# cannon 2/20



## 2knees (Feb 20, 2011)

Bombproof. Bumps on rocket and zoomer lifline decent. All in all,  more fun then I expected. Off to the pool/bar


----------



## Cannonball (Feb 20, 2011)

2knees said:


> Bombproof. Bumps on rocket and zoomer lifline decent. All in all,  more fun then I expected. Off to the pool/bar



Good report.  For real.  That actually completely summed it up today.  

I have a mid-week Cannon pass.  I RUN from the holidays.  But today I had some friends around so I bought a ticket and went and dreaded it.  Conditions were the WORST of the season.  But actually my experience was just like yours.  Lots of sun.  Crowds were manageable.  Fun was had.  Beers were cold.  Not a bad day.  Glad you enjoyed it.


----------



## WJenness (Feb 20, 2011)

Almost ended up there with you guys...

Drove on by and went to Burke... TR coming.

-w


----------



## Black Phantom (Feb 21, 2011)

2knees said:


> Bombproof. Bumps on rocket and zoomer lifline decent. All in all,  more fun then I expected. Off to the pool/bar



Glad you enjoyed the day. My Home Hill for several years.:beer:


----------



## riverc0il (Feb 21, 2011)

You'll have to get back up there when its fully open in good conditions. Glad to here bumps on Rocket and Zoomer Lift were decent. Better than I expected given the thaw/freeze.


----------



## powbmps (Feb 21, 2011)

riverc0il said:


> Glad to here bumps on Rocket and Zoomer Lift were decent. Better than I expected given the thaw/freeze.

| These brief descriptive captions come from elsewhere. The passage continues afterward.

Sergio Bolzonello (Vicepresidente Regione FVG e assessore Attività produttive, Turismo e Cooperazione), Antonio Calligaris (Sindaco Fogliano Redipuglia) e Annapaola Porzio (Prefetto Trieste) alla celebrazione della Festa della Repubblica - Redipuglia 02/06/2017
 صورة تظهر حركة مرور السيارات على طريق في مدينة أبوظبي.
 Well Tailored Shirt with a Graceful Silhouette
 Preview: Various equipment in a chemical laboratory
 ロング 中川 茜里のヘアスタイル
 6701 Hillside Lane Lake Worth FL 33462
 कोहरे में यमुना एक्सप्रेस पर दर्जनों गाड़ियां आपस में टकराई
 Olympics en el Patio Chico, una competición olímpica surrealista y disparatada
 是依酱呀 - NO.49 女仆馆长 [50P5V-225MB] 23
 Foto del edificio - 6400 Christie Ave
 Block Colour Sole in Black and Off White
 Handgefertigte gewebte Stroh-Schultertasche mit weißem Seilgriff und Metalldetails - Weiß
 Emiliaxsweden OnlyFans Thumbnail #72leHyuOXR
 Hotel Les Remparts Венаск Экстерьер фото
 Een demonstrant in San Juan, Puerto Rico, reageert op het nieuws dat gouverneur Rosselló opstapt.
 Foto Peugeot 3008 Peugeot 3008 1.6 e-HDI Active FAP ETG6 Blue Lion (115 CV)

No doubt.  After that change in temperature any softness would be a bonus.


----------



## 2knees (Feb 21, 2011)

to be fair, i skied over at tuckerbrook with my kids for at least 3 of the 6 hours i was there.  that place is PERFECT for little kids.  they were diggin the two terrain parks over there.  from now on, we'll go there with the kids instead of loon.  

what i did ski groomer wise was nasty in my opinion but others may have another opinion.  cant believe i've been skiing as long as i have and never skied there before.  that place is BIG and steep.  no doubt i'll be back when conditions improve.

the cannon mtn ale they serve in the bar is reason enough alone to go back.  too bad they dont sell it anywhere else apparently.


----------



## deadheadskier (Feb 21, 2011)

If I had to guess, that Cannon Mountain Ale is just a regional micro that made a tap handle for Cannon.  At least that's been the case with many bars I've worked at at ski areas.  Never seen a true 'custom' beer made just for a mountain.


----------



## 2knees (Feb 21, 2011)

deadheadskier said:


> If I had to guess, that Cannon Mountain Ale is just a regional micro that made a tap handle for Cannon.  At least that's been the case with many bars I've worked at at ski areas.  Never seen a true 'custom' beer made just for a mountain.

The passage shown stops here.